Thirty-five days after Operation Desert Shield began, 675 U.S. Air Force aircraft were already deployed to the Middle East, nearly two-thirds of them fighters poised to defend the Saudi kingdom. While F-15 Eagles flew combat air patrols, E-3 AWACS surveillance aircraft orbited along Saudi Arabia's northern border, searching deep inside Iraqi airspace. Other fighters included dual-role F-15E Strike Eagles, F-4G Wild Weasels, F-111 Aardvarks,
A-10 Thunderbolts, F-117 Nighthawks, and F-16 Fighting Falcons. Each
of these was on standby alert and could be airborne within minutes if needed.
In the meantime, the biggest airlift since Vietnam was operating at full force. Military Airlift Command (MAC) C-5, C-141, and C-130 aircraft traveled back and forth between the United States and the Middle East, delivering troops and supplies. In August alone, these aircraft flew more than 2,000 missions, hauling 72,000 troops and 106 million pounds of cargo to dozens of bases in the region.

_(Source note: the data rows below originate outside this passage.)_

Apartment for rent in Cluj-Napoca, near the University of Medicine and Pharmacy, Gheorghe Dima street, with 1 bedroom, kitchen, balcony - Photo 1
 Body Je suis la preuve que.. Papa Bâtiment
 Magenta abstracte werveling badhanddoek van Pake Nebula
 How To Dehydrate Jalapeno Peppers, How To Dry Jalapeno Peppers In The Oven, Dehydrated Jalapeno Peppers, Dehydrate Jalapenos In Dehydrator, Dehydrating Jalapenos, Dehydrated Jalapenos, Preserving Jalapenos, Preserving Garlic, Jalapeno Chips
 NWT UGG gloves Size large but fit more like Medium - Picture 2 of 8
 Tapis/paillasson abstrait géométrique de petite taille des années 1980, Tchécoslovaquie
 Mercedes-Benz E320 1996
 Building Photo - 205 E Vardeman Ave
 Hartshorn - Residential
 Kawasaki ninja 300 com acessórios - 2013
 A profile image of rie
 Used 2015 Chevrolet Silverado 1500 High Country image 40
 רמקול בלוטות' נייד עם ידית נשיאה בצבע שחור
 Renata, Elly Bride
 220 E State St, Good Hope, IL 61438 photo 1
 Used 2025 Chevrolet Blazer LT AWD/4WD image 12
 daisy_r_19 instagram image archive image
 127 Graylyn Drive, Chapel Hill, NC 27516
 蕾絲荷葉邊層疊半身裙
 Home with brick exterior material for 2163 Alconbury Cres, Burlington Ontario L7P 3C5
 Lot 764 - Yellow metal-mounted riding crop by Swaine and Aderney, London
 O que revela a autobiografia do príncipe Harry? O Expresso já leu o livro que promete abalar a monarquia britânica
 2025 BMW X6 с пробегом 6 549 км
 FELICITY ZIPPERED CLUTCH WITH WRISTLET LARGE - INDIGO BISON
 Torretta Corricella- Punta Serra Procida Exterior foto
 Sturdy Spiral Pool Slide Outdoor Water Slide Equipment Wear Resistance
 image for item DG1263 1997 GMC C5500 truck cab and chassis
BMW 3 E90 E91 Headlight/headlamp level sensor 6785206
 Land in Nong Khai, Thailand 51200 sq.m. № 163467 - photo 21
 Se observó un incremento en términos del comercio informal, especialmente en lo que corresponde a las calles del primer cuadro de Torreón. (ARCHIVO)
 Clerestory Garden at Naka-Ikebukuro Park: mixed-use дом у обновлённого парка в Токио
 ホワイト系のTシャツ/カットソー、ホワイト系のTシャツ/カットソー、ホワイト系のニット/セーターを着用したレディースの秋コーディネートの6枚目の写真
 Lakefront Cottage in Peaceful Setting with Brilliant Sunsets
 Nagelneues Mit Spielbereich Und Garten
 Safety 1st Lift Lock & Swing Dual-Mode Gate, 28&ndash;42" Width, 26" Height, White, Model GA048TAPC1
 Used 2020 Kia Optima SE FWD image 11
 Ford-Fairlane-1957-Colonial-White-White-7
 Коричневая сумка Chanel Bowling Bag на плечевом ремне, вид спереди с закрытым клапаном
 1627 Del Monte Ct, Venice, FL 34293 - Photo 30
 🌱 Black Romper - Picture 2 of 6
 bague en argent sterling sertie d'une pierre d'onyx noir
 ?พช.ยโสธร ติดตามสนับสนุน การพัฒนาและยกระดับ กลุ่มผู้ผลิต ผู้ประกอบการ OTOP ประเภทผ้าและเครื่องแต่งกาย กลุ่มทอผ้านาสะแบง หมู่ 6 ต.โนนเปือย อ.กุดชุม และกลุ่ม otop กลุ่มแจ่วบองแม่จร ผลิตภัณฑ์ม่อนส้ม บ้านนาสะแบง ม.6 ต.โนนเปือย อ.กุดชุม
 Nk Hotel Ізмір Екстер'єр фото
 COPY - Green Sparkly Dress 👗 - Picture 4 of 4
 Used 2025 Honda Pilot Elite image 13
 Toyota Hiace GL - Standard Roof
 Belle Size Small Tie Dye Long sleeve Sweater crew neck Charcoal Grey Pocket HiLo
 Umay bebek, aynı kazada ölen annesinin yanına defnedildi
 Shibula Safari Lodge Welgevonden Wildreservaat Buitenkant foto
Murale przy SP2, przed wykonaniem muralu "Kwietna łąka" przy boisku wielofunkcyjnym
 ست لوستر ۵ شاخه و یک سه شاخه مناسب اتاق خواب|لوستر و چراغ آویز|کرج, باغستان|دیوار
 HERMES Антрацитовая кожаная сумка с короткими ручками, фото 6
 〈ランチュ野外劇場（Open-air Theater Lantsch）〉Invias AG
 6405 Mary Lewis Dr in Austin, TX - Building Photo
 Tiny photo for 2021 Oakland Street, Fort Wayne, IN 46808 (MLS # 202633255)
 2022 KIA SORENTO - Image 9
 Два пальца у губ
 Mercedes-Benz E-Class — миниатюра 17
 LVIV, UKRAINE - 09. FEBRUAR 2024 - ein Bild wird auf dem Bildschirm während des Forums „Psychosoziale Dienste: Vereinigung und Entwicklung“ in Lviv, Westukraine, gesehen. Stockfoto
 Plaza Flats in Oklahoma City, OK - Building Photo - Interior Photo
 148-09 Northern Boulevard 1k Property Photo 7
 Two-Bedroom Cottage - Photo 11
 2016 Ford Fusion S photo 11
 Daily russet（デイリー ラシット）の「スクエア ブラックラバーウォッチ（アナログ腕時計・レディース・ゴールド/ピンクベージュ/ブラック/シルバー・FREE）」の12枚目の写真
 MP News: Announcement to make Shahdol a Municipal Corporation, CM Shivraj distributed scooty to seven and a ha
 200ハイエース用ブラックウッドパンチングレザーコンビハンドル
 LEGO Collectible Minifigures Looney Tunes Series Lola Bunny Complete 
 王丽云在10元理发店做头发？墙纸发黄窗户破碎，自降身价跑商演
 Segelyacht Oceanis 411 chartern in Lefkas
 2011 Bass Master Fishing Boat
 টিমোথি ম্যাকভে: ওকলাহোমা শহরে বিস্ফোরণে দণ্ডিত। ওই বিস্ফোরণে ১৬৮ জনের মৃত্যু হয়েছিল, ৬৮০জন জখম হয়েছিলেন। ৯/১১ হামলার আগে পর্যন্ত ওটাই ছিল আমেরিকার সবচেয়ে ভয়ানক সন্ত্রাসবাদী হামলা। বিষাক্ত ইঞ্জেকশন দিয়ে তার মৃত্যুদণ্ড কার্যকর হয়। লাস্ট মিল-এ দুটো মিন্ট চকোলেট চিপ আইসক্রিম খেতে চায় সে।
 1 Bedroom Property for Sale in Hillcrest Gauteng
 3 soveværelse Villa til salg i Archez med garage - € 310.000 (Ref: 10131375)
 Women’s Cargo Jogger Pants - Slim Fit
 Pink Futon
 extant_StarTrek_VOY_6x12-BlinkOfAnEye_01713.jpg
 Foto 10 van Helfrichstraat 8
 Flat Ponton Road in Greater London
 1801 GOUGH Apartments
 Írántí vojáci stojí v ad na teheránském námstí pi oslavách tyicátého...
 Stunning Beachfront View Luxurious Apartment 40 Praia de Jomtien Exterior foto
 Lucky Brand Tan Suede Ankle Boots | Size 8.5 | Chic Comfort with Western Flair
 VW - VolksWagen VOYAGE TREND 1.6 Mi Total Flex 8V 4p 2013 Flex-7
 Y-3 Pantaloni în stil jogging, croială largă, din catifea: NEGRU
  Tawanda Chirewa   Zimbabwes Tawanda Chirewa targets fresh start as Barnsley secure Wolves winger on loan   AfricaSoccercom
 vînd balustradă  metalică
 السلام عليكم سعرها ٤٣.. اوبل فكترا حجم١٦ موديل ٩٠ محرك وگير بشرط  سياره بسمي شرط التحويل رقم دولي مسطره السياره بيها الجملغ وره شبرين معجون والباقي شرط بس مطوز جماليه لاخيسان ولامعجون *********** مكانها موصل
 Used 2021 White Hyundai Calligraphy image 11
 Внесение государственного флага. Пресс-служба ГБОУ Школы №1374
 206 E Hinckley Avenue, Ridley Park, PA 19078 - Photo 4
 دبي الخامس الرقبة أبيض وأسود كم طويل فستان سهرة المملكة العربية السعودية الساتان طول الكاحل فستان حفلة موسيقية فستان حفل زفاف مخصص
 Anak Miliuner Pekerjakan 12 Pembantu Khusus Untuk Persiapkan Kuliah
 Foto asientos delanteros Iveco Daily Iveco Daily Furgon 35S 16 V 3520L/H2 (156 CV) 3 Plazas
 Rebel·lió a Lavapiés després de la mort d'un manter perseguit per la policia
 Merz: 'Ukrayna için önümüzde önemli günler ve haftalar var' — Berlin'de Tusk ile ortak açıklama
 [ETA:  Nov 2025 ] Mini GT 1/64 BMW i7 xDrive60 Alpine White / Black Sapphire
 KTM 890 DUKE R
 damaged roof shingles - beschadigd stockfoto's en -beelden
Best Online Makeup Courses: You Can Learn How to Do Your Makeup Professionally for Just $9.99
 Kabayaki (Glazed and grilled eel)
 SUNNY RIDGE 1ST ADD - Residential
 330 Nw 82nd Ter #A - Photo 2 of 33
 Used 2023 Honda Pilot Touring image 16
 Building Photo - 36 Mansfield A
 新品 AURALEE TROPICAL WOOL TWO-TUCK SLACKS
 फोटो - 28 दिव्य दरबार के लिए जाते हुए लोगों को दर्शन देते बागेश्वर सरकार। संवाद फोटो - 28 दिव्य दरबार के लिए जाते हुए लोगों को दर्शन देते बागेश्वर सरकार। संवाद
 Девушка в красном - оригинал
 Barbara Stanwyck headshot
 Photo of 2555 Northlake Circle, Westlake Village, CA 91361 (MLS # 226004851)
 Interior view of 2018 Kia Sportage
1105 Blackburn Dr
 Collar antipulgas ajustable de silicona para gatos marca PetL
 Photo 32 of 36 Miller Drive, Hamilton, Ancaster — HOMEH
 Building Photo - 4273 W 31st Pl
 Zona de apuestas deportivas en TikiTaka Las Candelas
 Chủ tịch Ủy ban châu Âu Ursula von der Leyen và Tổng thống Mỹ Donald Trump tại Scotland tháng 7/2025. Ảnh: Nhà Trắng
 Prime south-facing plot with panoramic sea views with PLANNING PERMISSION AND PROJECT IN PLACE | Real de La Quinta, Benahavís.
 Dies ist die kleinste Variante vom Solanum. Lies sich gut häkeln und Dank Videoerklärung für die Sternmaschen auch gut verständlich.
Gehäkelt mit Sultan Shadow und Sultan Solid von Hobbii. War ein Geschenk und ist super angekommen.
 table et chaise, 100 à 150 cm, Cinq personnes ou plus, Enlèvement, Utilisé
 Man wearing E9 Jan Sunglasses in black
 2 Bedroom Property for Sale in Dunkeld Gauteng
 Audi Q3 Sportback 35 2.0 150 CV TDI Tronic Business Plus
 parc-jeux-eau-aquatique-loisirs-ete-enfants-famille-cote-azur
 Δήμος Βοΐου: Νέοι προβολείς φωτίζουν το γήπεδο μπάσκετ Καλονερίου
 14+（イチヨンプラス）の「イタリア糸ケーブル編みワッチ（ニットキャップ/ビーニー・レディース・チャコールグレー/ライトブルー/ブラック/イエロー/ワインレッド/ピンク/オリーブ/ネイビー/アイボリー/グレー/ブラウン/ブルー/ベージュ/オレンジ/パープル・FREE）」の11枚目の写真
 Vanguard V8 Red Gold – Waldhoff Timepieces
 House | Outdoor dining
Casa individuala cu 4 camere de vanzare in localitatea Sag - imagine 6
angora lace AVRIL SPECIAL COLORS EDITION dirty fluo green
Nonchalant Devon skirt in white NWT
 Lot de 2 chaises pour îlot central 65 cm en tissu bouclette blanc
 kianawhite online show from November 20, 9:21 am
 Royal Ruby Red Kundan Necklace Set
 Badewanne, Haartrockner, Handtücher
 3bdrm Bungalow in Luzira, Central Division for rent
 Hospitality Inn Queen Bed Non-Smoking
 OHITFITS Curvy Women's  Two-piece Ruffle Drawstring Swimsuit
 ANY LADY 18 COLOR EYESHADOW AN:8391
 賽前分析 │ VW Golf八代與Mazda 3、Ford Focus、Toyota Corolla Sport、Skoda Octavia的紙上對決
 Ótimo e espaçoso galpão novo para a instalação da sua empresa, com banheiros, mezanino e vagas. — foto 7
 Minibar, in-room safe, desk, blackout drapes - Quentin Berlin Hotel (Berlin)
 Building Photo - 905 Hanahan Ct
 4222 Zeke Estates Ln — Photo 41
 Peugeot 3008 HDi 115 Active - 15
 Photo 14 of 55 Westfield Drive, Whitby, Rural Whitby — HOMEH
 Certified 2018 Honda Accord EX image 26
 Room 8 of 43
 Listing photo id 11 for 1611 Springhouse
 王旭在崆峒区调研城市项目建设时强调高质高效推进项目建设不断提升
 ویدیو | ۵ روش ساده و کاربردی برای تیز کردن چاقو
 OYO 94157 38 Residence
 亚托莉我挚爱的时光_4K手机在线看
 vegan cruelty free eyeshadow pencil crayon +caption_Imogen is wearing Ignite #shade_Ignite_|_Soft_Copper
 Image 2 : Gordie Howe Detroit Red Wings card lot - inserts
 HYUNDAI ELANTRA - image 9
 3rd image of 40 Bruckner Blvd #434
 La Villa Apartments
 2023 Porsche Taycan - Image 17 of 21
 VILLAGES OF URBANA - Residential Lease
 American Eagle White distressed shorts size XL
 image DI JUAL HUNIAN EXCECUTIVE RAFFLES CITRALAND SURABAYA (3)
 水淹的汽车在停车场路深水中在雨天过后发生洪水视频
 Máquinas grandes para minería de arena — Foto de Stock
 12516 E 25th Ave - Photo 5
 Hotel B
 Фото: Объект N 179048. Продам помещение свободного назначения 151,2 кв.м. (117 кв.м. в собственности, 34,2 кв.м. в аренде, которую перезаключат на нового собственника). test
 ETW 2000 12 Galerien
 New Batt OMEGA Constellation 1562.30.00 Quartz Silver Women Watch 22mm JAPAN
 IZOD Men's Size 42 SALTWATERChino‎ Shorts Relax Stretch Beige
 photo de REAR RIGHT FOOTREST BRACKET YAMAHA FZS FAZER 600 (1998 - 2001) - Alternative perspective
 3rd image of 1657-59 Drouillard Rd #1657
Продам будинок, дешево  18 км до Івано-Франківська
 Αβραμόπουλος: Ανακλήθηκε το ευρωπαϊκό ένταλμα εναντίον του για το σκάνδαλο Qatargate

On Saturday, 22 September, Capt. Tom "Badger" Schmidt and I spent the afternoon building a LANTIRN
low-level map. After we finished, Lt. Col. Tim Nall called me into his office to discuss morale. He asked me to move out of the room I was in and into a room with other members of the
421st Black Widows. LANTIRN was quickly becoming a large priority for the wing, and since I was a Black Widow now, Lt. Col. Nall felt it would be better if I lived with other members of the unit.